THE TASK: Copy, word for word, the opening line of the data and each line after it until the line that contains "StarTech.com 1m (3ft)", which is included. Leave the pictures out.

[[ COLLECTED MATERIAL open ]]

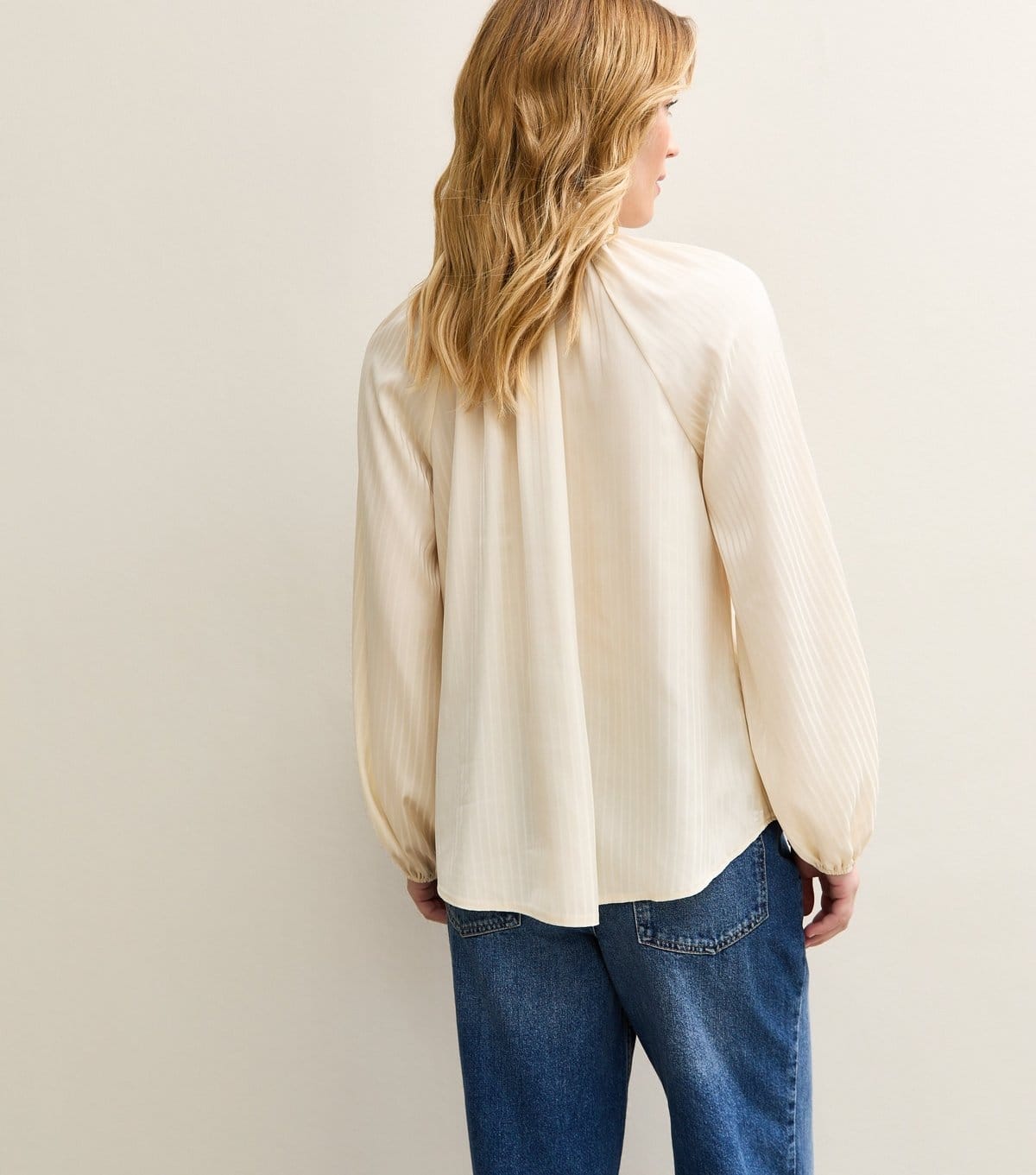 New Look Women's Cream Striped Pussybow Neck Blouse New Look - 4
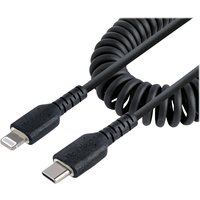 StarTech.com 1m (3ft) USB C to Lightning Cable, MFi Certified, Coiled iPhone Charger Cable, Black, Durable and Flexible TPE Jacket Aramid Fiber, Heavy Duty Coil Charging Cable - Rugged USB Lightning Cable - Lightning cable - 1 m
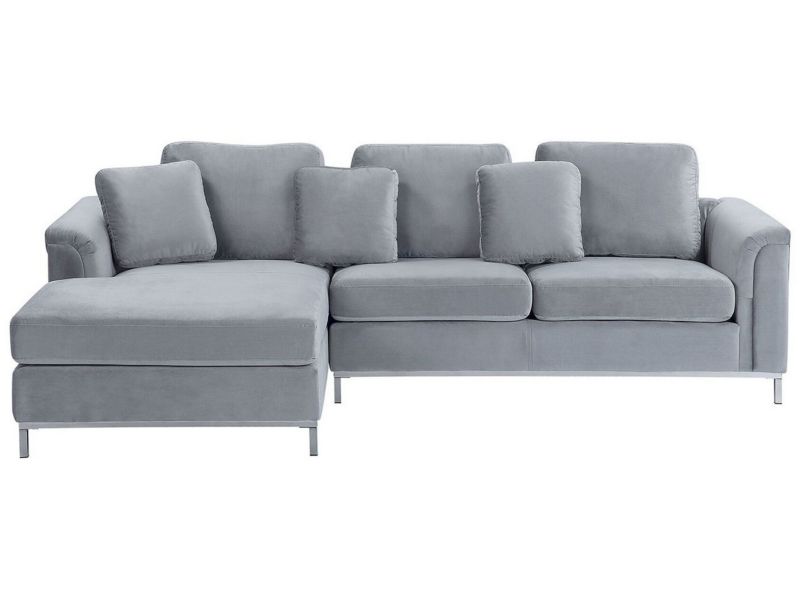 Sofa narożna prawostronna Oslo Jasnoszary Tkanina Prawostronny 1 szt.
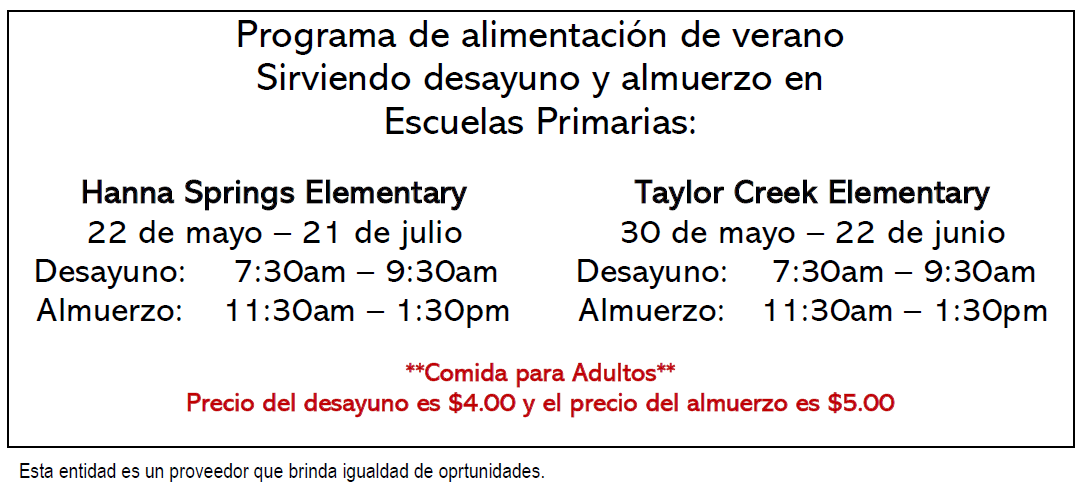 Nuestro Programa de Servicios de Alimentos de Verano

[[ COLLECTED MATERIAL closed ]]

COMPLETED TASK:
 New Look Women's Cream Striped Pussybow Neck Blouse New Look - 4
 StarTech.com 1m (3ft) USB C to Lightning Cable, MFi Certified, Coiled iPhone Charger Cable, Black, Durable and Flexible TPE Jacket Aramid Fiber, Heavy Duty Coil Charging Cable - Rugged USB Lightning Cable - Lightning cable - 1 m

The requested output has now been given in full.